Our Speaker was Peter Waszak MSc, a former School Librarian, a Local Author and Historian with several books to his credit and a Railway enthusiast. His talk this evening was entitled “Commercial Traffic on the River Nene in the Nineteenth Century”
The Nene (or ‘Nen’ as it’s pronounced in Northampton) is the 10th longest river in the UK. It rises in Northamptonshire and merges with several tributaries and The Grand Union Canal before its following its twisting course through Northampton, Wellingborough, Thrapston, and Oundle and through the Nene Valley flood plains to Peterborough. Once through the ‘Dog and Doublet Lock it becomes tidel and continues to Wisbech, through the Fens to it’s outlet in the East coast Wash. It’s a gentle flowing river with a total fall of just 200 feet.

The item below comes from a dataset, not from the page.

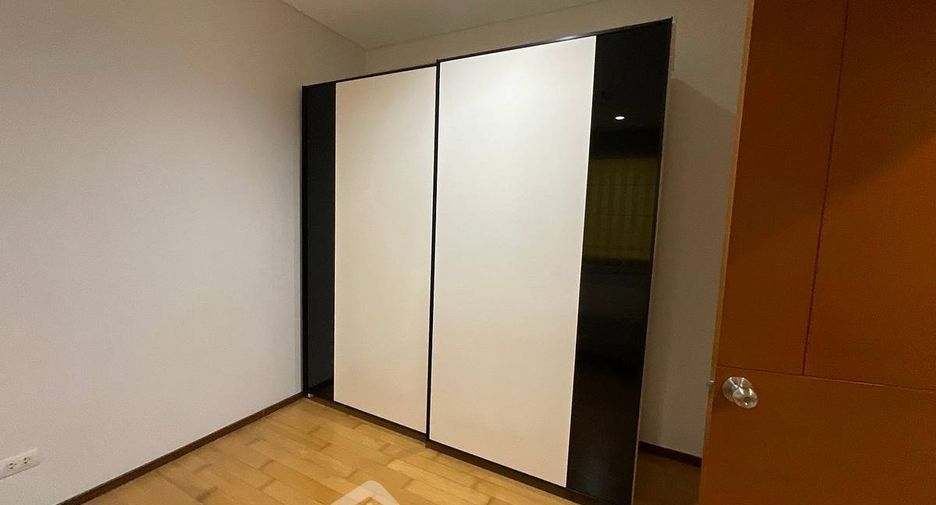 For rent 1 bed condo in Khlong San, Bangkok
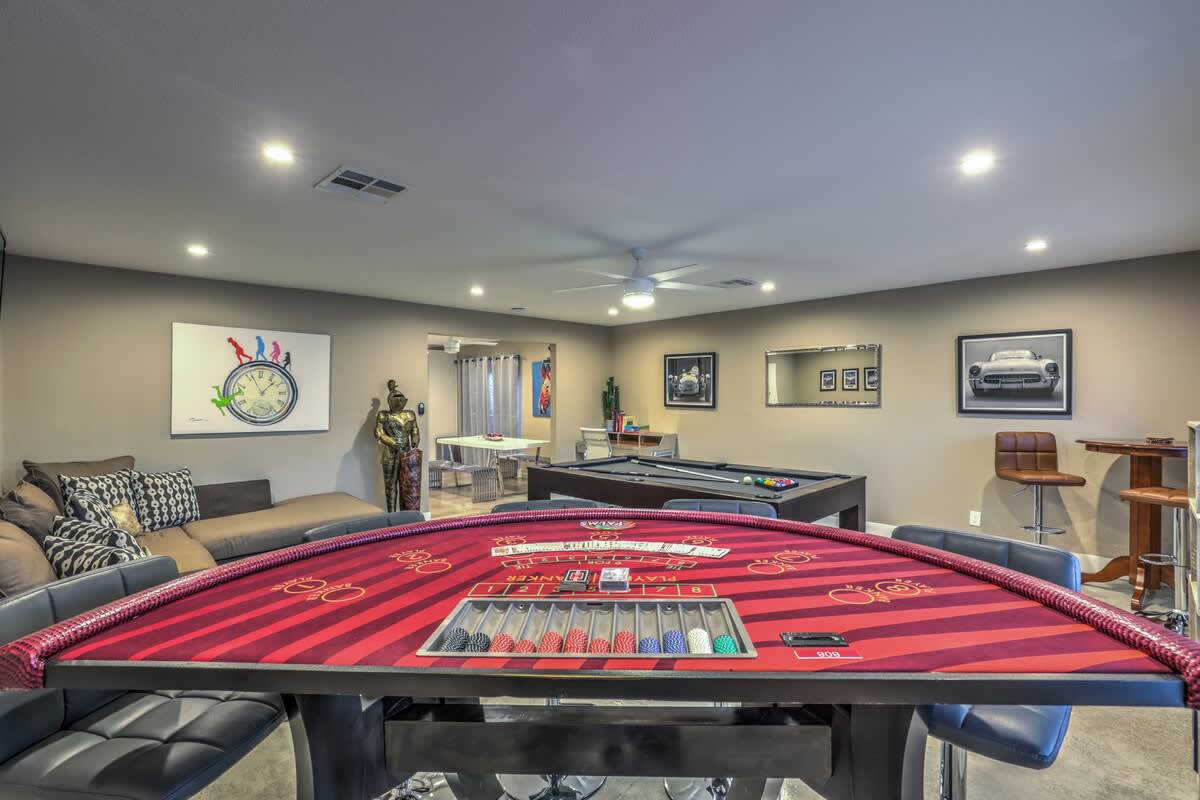 Home in Las Vegas property photo 4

The Nene today is a peaceful rural river used solely for Leisure, but back in the 19th Century and especially before the coming of the railway network, it was a hive of activity with river Lighters and Barges moving at their own pace along the river and connecting with the many waterways and drains that ran deep into Fen countryside. It was the main routes for the transportation of goods of all description. The roads through the Fens were rutted mud tracks and subject to flooding and subsiding so were unsuitable for transporting goods. The railway didn’t penetrate the Fens until the late 19th century. The history of this river traffic is sketchy due to the poor record keeping of the Lighter men and the Lock keepers and Toll keepers. Much deception and corruption existed during that time.
As the Railways networks extended into the Fen towns the river traffic decreased and the River, the Docks and the Wharfs were neglected and fell into disrepair. Abandoned Lighters can sometimes be seen decaying and partially buried in the silted banks. After 1890 the river wasn’t dredged and slowly became neglected and silted up until serious flooding made maintainance essential.
Peter’s talk gave us a fascinating insight to our Rivers past commercial history and I’m sure was enjoyed by all.